- Born: January 26, 1975 (age 51)
- Partner: Eleanor Brown
- Writing career
- Pen name: J. C. Hutchins
- Genre: Science fiction
- Notable work: 7th Son
- Website: jchutchins.net

= J. C. Hutchins =

J. C. Hutchins is the pseudonym for American podcast novelist and journalist Chris Hutchins. Hutchins is best known for his 7th Son series.

==Background==
Hutchins began podcasting in 2006 after receiving multiple rejections from various agents, with 7th Son being his first podcast release. Shortly thereafter in 2007, St. Martin's Press picked up the print rights to 7th Son and Dark Arts, an interactive novel. Hutchins, writes from home alongside his partner, novelist Eleanor Brown.

==Bibliography==

===Books published in print===
- 7th Son: Descent (2009)
- Personal Effects: Dark Arts (2009)

===Podcast novels===
- 7th Son: Descent
- 7th Son: Deceit
- 7th Son: Destruction
- Personal Effects: Sword of Blood

==Reception and influence==
=== Critical reception ===
Hutchins' work has had mixed to positive reviews, with Publishers Weekly praising both the first novel in the 7th Son series and Dark Arts and Kirkus Reviews panning both.
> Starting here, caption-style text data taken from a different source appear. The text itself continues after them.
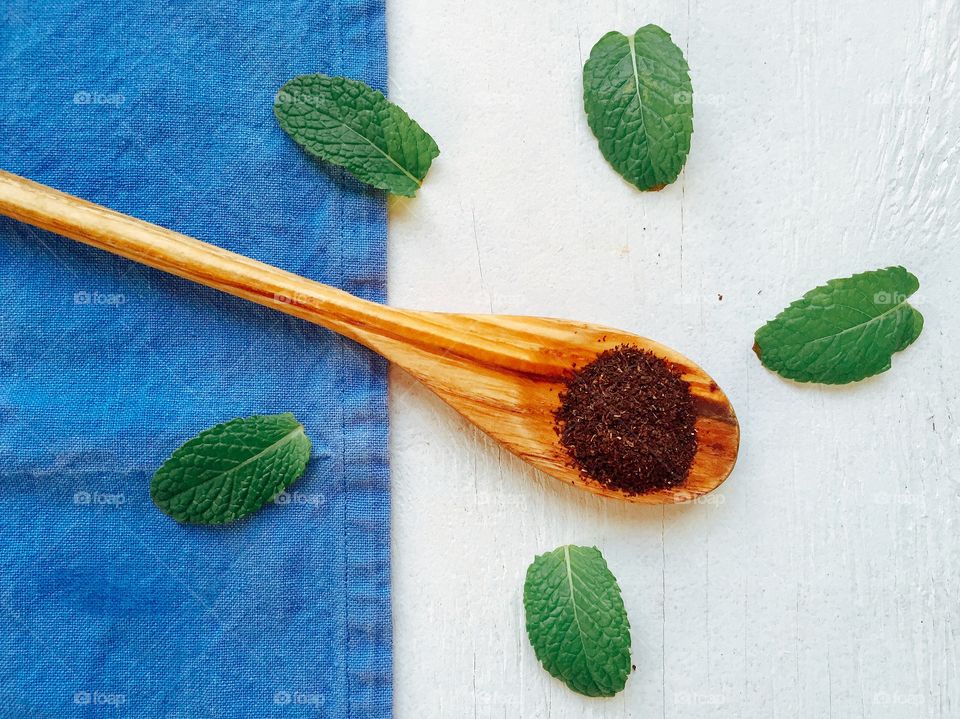 Dried tea leaves on wooden spoon with mint leaves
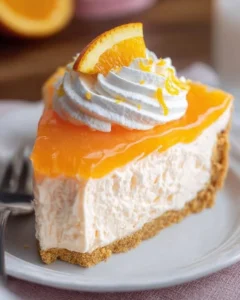 Slice of orange Jello Creamsicle Pie with whipped cream and orange zest garnish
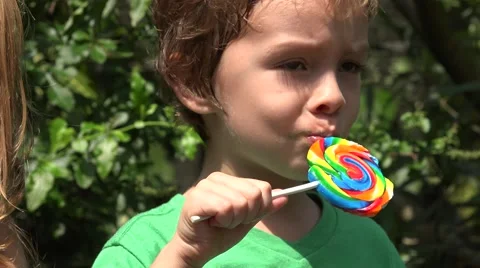Nervous Boy Eating Candy Video stock 61360082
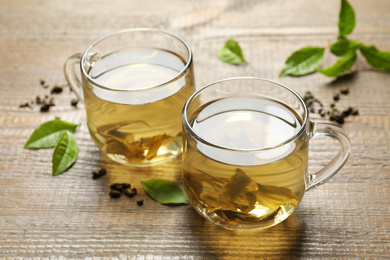 Photo of Cups of green tea, dry and fresh leaves on wooden table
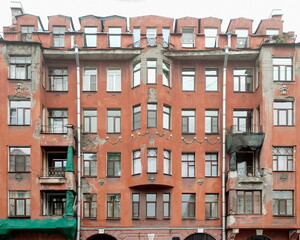 The facade of an old residential building with crumbling plaster. Panorama.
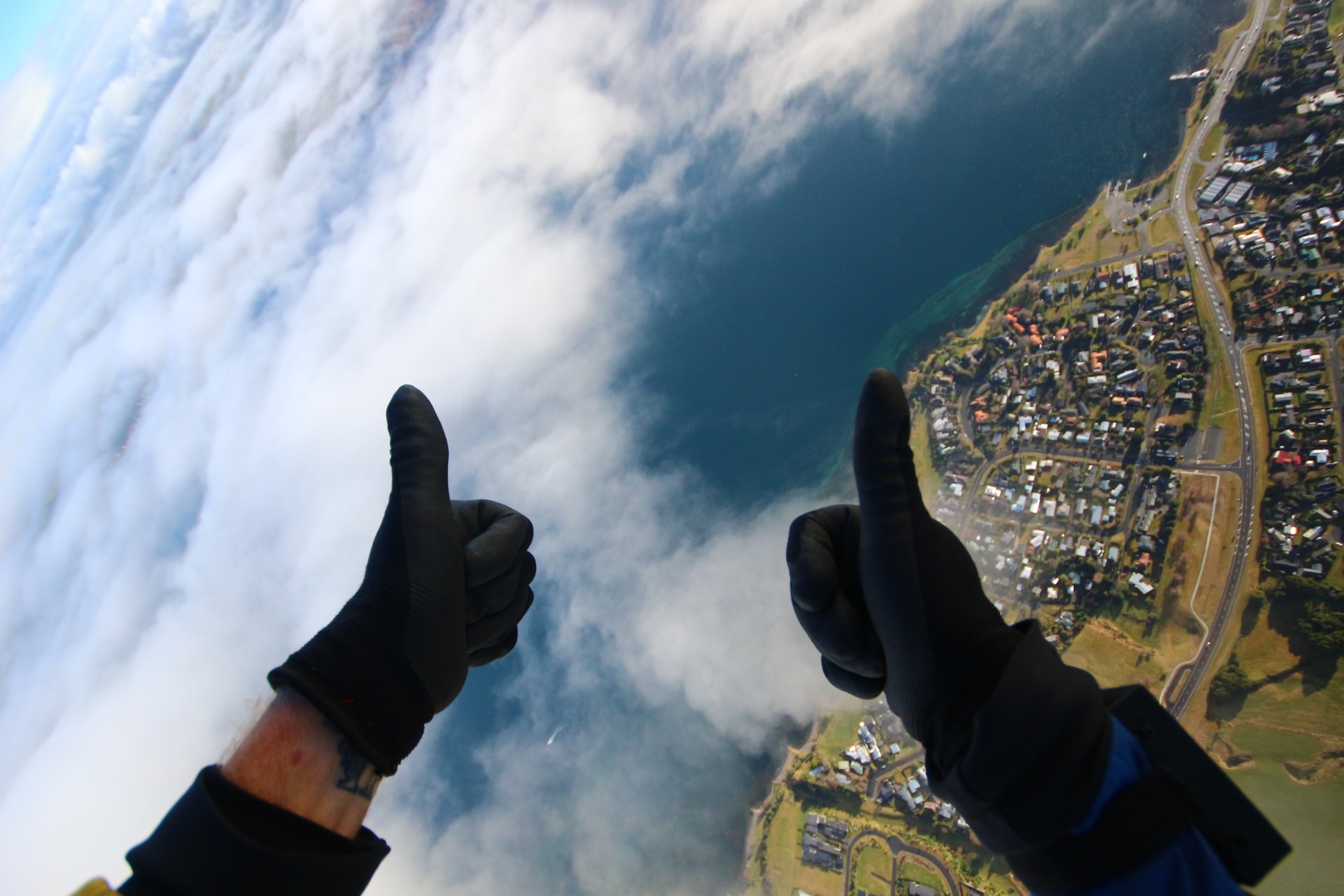 Thumbs up with gloves town below green fields blue lake clouds Skydive Taupo The Best Skydiving in New Zealand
The Celebrity Cafe reviewed Dark Arts, praising the story but stating that the extra elements detracted from the story instead of enhancing it.

=== Praise by other authors ===
In an episode of the Aussie Osbourne Show William J. Bruce III described Hutchins as "transmedia legend", while Eleanor Brown has dubbed Hutchins a "new media superstar.